Records from a data source —
######

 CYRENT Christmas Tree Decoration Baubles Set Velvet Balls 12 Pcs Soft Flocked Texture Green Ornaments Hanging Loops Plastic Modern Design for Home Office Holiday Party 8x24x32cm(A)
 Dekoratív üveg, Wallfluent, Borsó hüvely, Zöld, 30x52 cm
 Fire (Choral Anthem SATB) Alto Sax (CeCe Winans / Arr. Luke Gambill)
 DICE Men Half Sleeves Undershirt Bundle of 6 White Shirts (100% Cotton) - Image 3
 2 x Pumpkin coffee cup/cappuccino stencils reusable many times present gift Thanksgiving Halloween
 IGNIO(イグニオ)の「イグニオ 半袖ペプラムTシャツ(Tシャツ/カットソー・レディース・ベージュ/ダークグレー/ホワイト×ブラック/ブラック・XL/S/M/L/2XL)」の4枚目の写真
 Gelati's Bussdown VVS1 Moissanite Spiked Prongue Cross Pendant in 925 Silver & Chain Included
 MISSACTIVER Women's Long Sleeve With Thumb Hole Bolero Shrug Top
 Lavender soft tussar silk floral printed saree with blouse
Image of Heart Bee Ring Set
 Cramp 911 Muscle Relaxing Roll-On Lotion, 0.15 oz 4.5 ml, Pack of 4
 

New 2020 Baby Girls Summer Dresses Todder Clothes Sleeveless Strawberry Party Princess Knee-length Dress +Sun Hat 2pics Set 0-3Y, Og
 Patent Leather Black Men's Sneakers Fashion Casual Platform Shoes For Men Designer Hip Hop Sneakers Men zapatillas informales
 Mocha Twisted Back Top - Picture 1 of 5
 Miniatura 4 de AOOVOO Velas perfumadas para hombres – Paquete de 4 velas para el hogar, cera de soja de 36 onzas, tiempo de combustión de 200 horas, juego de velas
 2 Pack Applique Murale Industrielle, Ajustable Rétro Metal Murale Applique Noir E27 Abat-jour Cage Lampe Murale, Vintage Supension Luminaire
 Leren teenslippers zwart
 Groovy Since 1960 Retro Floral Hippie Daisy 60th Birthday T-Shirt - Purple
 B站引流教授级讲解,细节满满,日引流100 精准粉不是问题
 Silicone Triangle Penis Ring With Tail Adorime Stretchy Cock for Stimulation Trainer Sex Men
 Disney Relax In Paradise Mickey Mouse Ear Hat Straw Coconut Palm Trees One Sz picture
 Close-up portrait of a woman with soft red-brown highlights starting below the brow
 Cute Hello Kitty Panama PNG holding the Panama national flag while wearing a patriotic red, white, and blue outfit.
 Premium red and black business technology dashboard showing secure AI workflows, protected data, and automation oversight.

######

PROBLEM REQUIREMENTS — Retype the entries above exactly, but only from the line containing "Lavender soft tussar" through the line containing "Mocha Twisted Back Top - Picture 1 of 5", both included.

WRITTEN SOLUTION —
 Lavender soft tussar silk floral printed saree with blouse
Image of Heart Bee Ring Set
 Cramp 911 Muscle Relaxing Roll-On Lotion, 0.15 oz 4.5 ml, Pack of 4
 

New 2020 Baby Girls Summer Dresses Todder Clothes Sleeveless Strawberry Party Princess Knee-length Dress +Sun Hat 2pics Set 0-3Y, Og
 Patent Leather Black Men's Sneakers Fashion Casual Platform Shoes For Men Designer Hip Hop Sneakers Men zapatillas informales
 Mocha Twisted Back Top - Picture 1 of 5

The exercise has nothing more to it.